Sunday, 12 January 2014

Corrour - The auld and the new



Do you have a special place that you return to time and again? A place where the landscape, the elements and the atmosphere merge to create magic and move you deep inside? My special place is an old ruin high on Rannoch Moor and it was there that I welcomed in the new year.


Bart and I had spent Christmas in the campervan, parked up near Blair Atholl. The weather was cold and grey with a ceiling of low cloud that the sun failed to penetrate. We wandered the winter woods of Glen Tilt and walked high above the village into a black and white landscape of bare trees and scattered flocks. We cooked a Christmas dinner in the campervan of venison followed by Christmas pudding. And in the evenings we walked through the dark woods into the village for a tipple at the hotel in front of the roaring peat fire. When I'm in Blair Atholl at this time, I love stopping by the village Christmas tree. A long string of multi coloured globes is wrapped round one of the big conifers on the village green and when you walk out of the mountains on a night of inky blackness, they emanate charm and a cosy glow. 

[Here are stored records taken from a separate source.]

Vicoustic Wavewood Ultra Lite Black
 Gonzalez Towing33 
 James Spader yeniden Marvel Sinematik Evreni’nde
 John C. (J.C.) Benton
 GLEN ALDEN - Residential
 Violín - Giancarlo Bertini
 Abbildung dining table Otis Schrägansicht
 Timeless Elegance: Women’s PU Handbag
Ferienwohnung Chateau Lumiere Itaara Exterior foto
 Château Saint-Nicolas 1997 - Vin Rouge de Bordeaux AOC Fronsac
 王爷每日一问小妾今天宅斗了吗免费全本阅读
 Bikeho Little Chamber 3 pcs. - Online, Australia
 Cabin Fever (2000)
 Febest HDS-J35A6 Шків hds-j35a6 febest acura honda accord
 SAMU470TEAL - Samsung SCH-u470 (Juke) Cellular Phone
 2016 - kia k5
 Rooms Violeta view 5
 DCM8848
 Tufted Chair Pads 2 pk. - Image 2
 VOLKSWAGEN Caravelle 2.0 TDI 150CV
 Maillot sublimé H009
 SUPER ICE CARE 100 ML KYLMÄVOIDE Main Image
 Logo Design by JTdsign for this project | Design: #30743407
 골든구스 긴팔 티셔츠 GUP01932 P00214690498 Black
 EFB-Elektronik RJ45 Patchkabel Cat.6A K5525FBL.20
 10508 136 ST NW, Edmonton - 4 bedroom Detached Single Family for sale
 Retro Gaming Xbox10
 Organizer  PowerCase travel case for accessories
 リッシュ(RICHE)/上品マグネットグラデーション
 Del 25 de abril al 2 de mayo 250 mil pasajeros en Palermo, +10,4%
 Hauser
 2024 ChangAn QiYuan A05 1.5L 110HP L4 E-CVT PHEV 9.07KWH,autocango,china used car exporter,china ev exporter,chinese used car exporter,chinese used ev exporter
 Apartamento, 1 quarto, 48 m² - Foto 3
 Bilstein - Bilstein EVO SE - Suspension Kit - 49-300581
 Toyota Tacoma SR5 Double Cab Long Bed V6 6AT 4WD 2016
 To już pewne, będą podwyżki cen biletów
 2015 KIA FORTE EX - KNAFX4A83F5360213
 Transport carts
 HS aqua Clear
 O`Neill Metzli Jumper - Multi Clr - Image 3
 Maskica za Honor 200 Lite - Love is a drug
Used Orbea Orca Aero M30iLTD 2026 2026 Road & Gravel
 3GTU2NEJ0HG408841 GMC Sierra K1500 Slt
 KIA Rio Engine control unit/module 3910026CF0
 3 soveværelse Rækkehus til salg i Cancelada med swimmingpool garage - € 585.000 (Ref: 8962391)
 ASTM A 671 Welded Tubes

We spent the days following Christmas battling Arctic conditions on the mountains in storms and gales and turned back from an attempt to climb Bynack More when we couldn’t stand up in the winds that battered its upper reaches. 

But our efforts were rewarded when one day we enjoyed spectacular picture postcard scenes on the tops above Newtonmore. Although we set out in low cloud and mist, by the time we were on our second Munro the sun broke through, its low winter light picking out every detail and contour and making the surface of the snow sparkle like diamonds. The walk was hard work in snow that was deep and soft in places so we really enjoyed our hot tea and Christmas cake when we got back to the van. We have a favourite spot for parking up the van near Newtonmore. You might know the place at the road end in Glen Banchor.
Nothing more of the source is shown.